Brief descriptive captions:
Segment Open

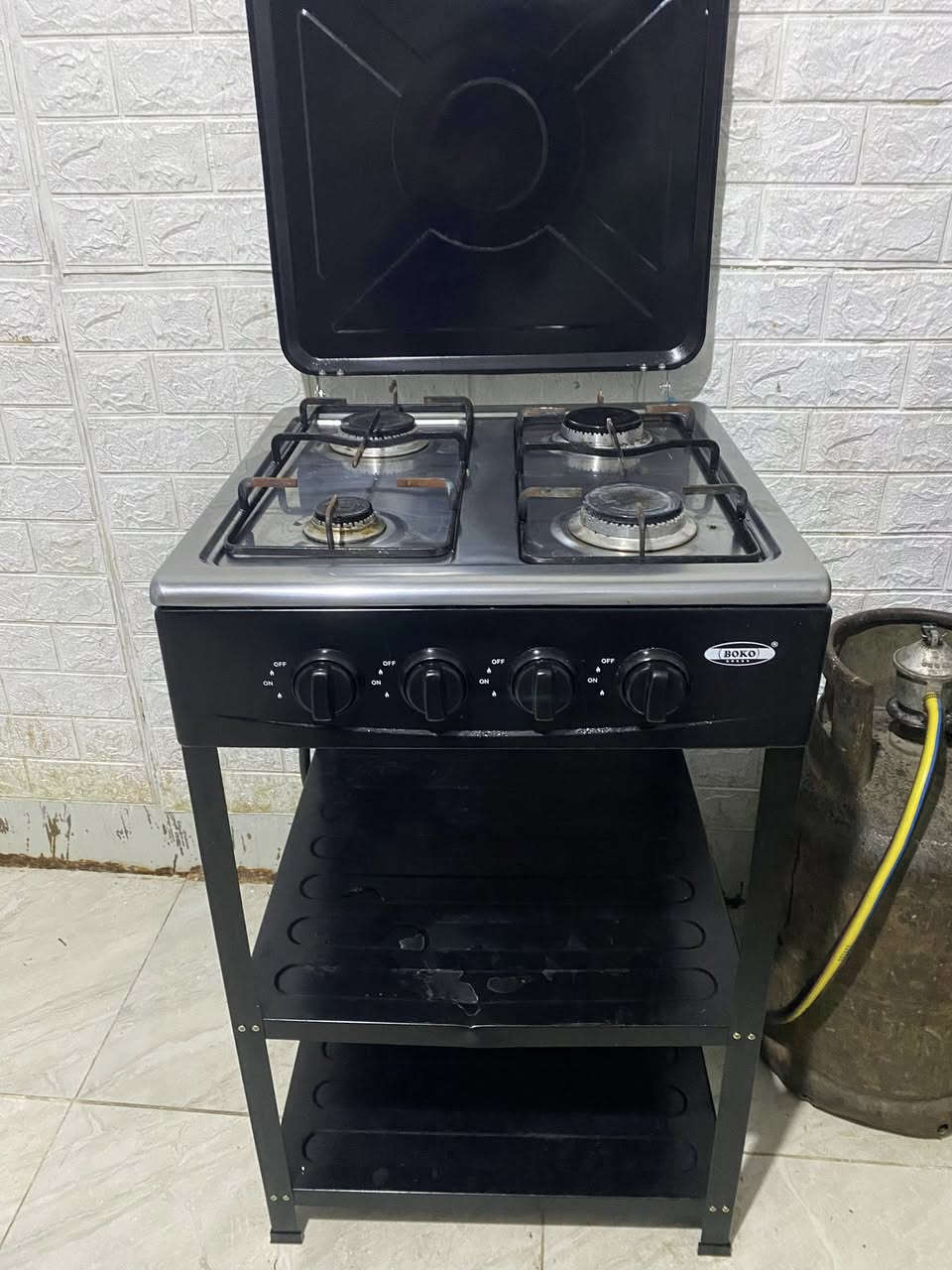 السلام عليكم بلازما LG حجم 32 + ميز TV+طباخ منضدي 4 عيون استعمال قليل وبسعر مناسب العنوان بغداد


**إذا كنت صاحب هذا الإعلان وتريد حذفه لأي سبب، رجاءا أرسل رسالة إلى الدعم الفني**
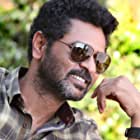 Prabhu Deva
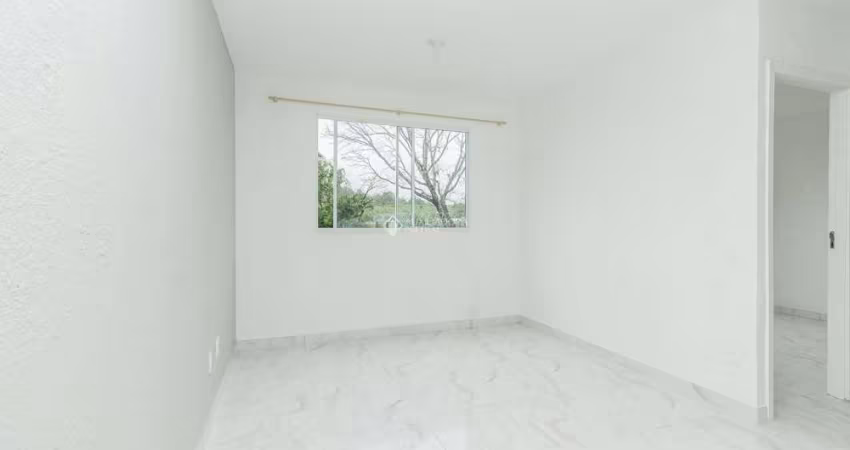 Apartamento com 2 quartos para alugar na Avenida Protásio Alves, 10970, Morro Santana, Porto Alegre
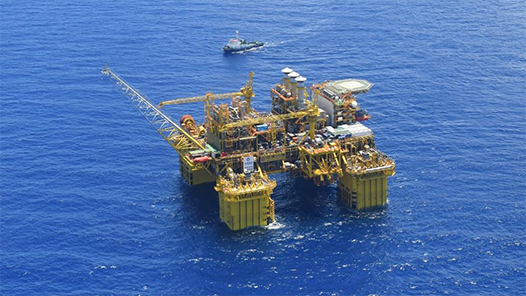 擇一事、專一業(yè)，奮斗一生——2022年“最美職工”綜述（下）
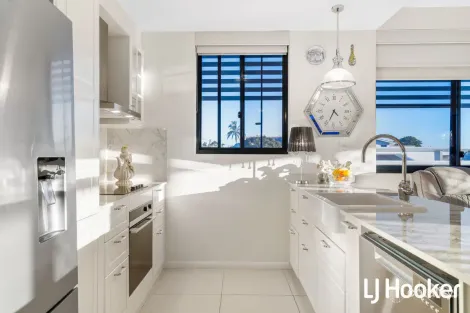 Property photo of 12/3-7 Macdonnell Road Margate QLD 4019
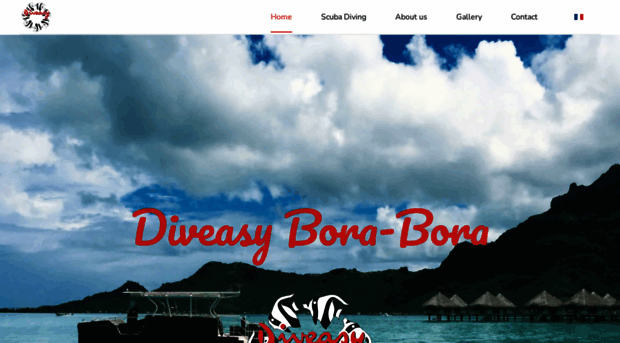 diveasyborabora.com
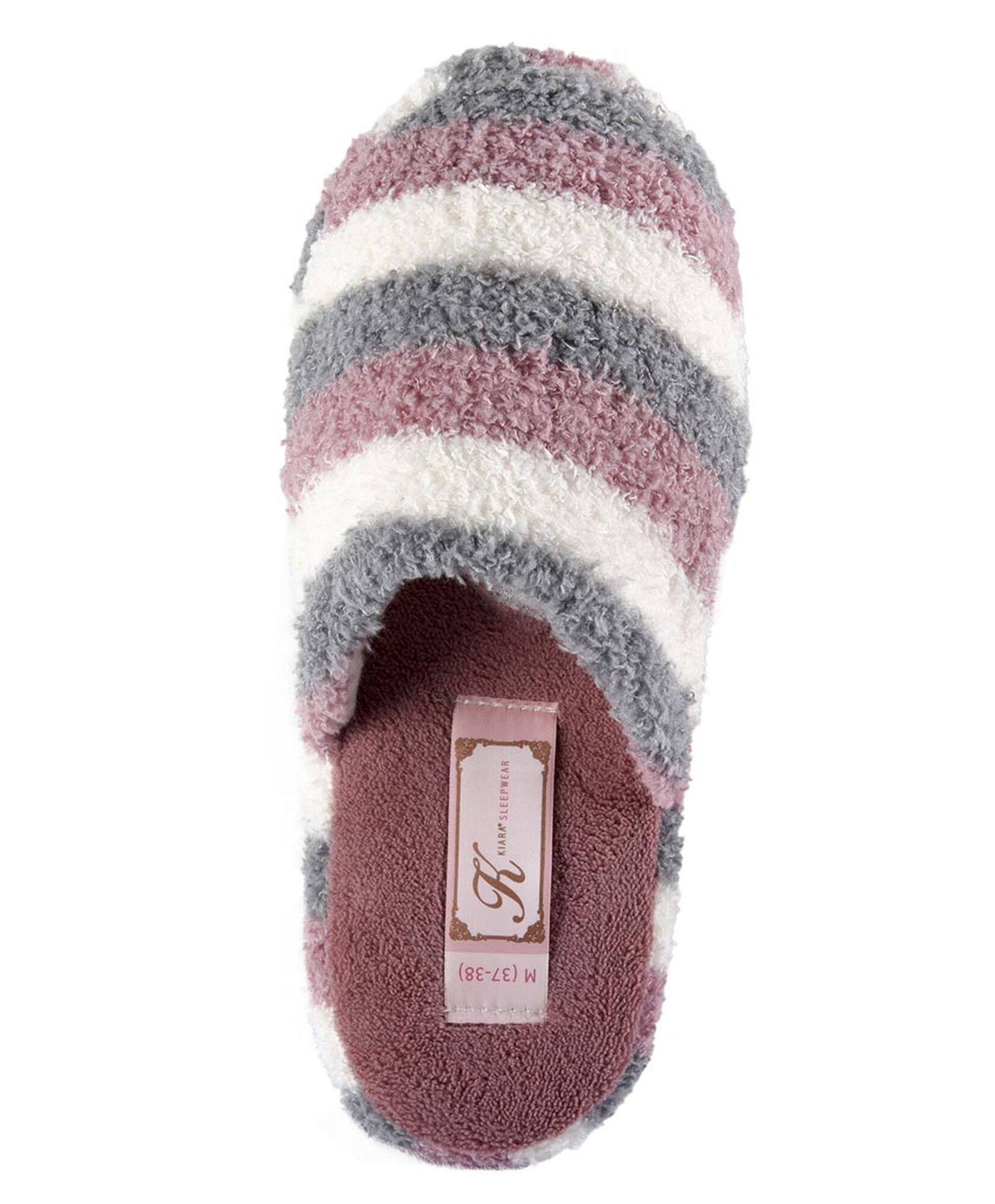 Pantuflas Pantuflas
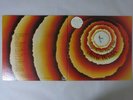 Stevie Wonder Songs In The Key Of Life Motown VIP-1 2 Japan   LP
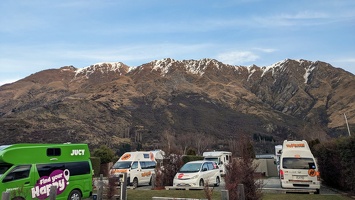 20230823 205438809 campervans and mountains v1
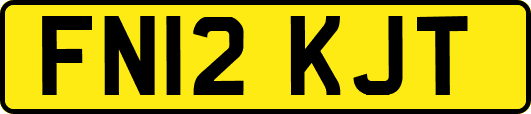 FN12KJT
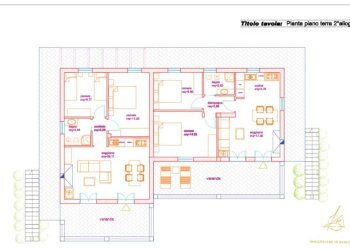 Foto 22 - Rustico Aglientu - foto 22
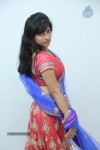 Eeshwa Shetty Stills - 68 of 84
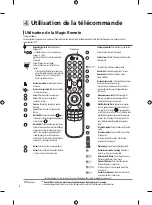 Предварительный просмотр 40 страницы LG 82UP8050PVB.AFFG Owner'S Manual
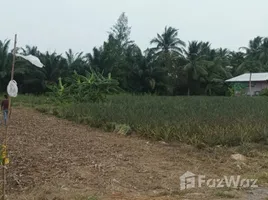 ขายที่ดิน ใน ทับใต้, หัวหิน, ทับใต้, หัวหิน, ประจวบคีรีขันธ์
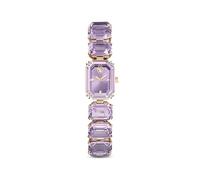 Swarovski Watch Collection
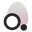Avro Life Science logo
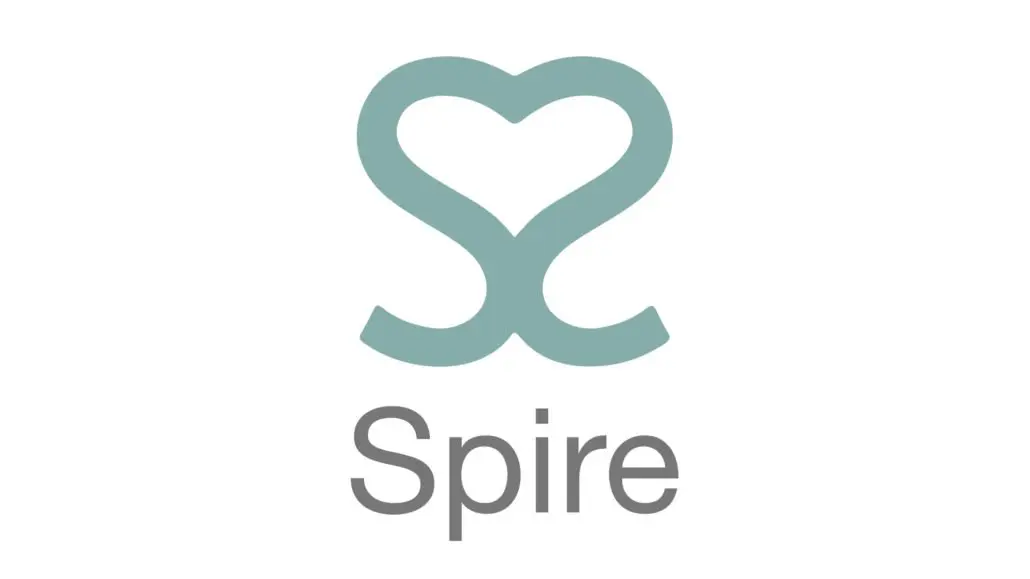 Spire Healthcare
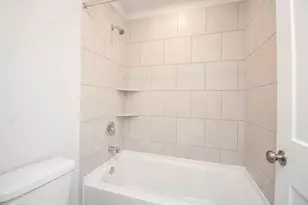 5722 Quest Valley Dr, Katy, TX 77493 - Photo 11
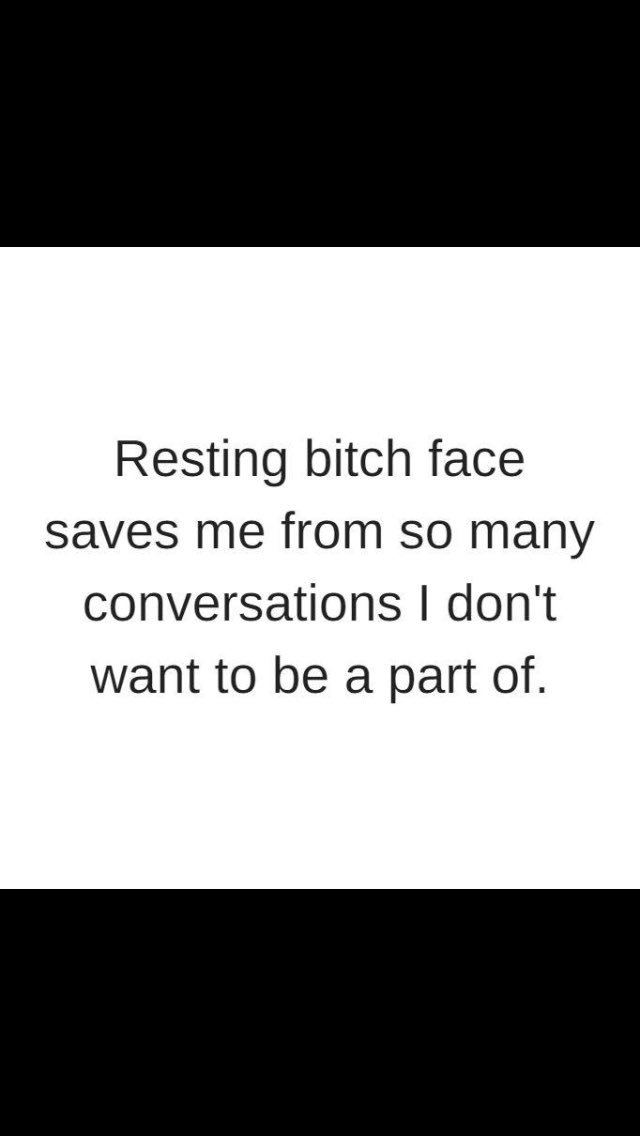 LJenkster's tweet image. Truth #notabitch #orami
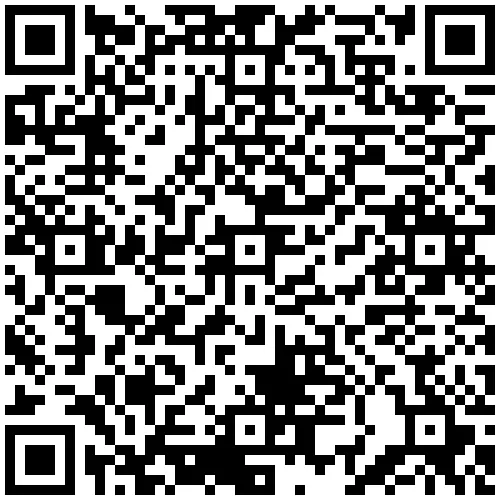 【老板直聘】4月19日义乌周边县市人才市场最新招聘岗位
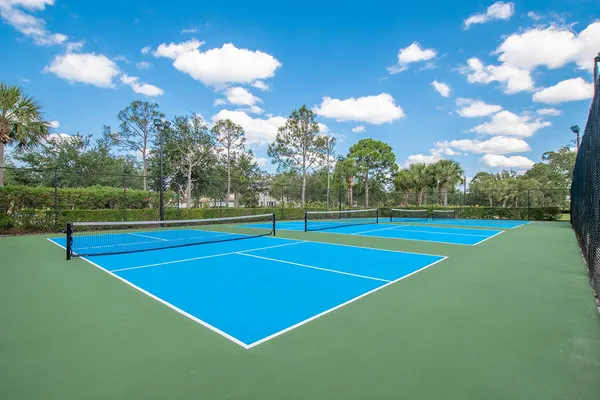 $3,950 | 170 Evergrene Parkway, Palm Beach Gardens, FL 33410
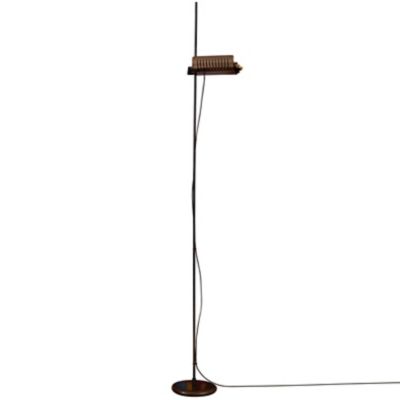 Colombo LED Floor Lamp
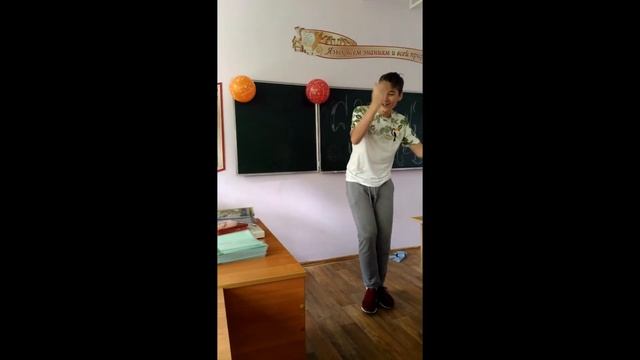 Мораль сей басни такова...))) смотреть онлайн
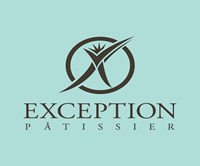 Exception Cafe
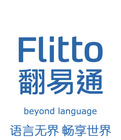 翻易通如何注册？详细操作流程介绍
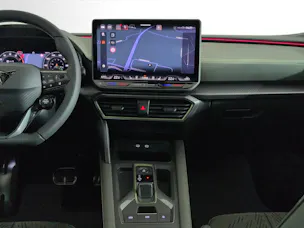 Cupra Formentor 2.0TSI Prime Edition VZ 4Drive DSG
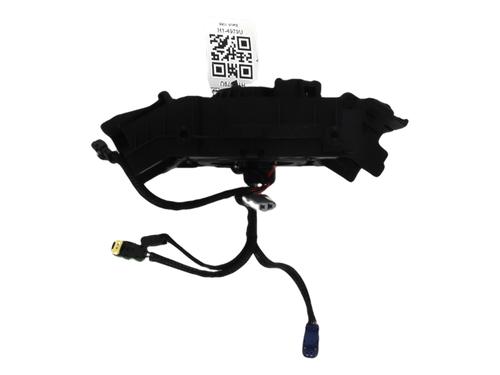 Squib airbag RENAULT CLIO III (BR0/1, CR0/1) 1.5 dCi (BR17, CR17) | BP29470587C102 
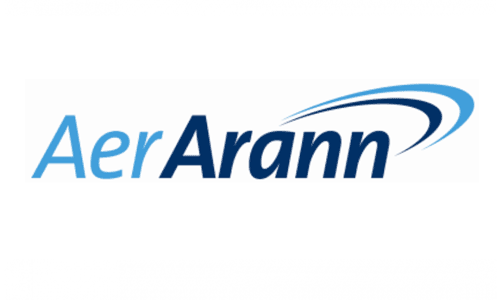 AerArann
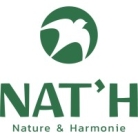 Nat'H Nature-Harmonie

Segment Closed

ASSIGNMENT:
The answer should match the data above word for word, with no pictures in it.

OUTPUT FOR THIS EXERCISE:
 السلام عليكم بلازما LG حجم 32 + ميز TV+طباخ منضدي 4 عيون استعمال قليل وبسعر مناسب العنوان بغداد


**إذا كنت صاحب هذا الإعلان وتريد حذفه لأي سبب، رجاءا أرسل رسالة إلى الدعم الفني**
 Prabhu Deva
 Apartamento com 2 quartos para alugar na Avenida Protásio Alves, 10970, Morro Santana, Porto Alegre
 擇一事、專一業(yè)，奮斗一生——2022年“最美職工”綜述（下）
 Property photo of 12/3-7 Macdonnell Road Margate QLD 4019
 diveasyborabora.com
 Pantuflas Pantuflas
 Stevie Wonder Songs In The Key Of Life Motown VIP-1 2 Japan   LP
 20230823 205438809 campervans and mountains v1
 FN12KJT
 Foto 22 - Rustico Aglientu - foto 22
 Eeshwa Shetty Stills - 68 of 84
 Предварительный просмотр 40 страницы LG 82UP8050PVB.AFFG Owner'S Manual
 ขายที่ดิน ใน ทับใต้, หัวหิน, ทับใต้, หัวหิน, ประจวบคีรีขันธ์
 Swarovski Watch Collection
Avro Life Science logo
 Spire Healthcare
 5722 Quest Valley Dr, Katy, TX 77493 - Photo 11
 LJenkster's tweet image. Truth #notabitch #orami
 【老板直聘】4月19日义乌周边县市人才市场最新招聘岗位
 $3,950 | 170 Evergrene Parkway, Palm Beach Gardens, FL 33410
 Colombo LED Floor Lamp
 Мораль сей басни такова...))) смотреть онлайн
 Exception Cafe
 翻易通如何注册？详细操作流程介绍
 Cupra Formentor 2.0TSI Prime Edition VZ 4Drive DSG
 Squib airbag RENAULT CLIO III (BR0/1, CR0/1) 1.5 dCi (BR17, CR17) | BP29470587C102 
 AerArann
 Nat'H Nature-Harmonie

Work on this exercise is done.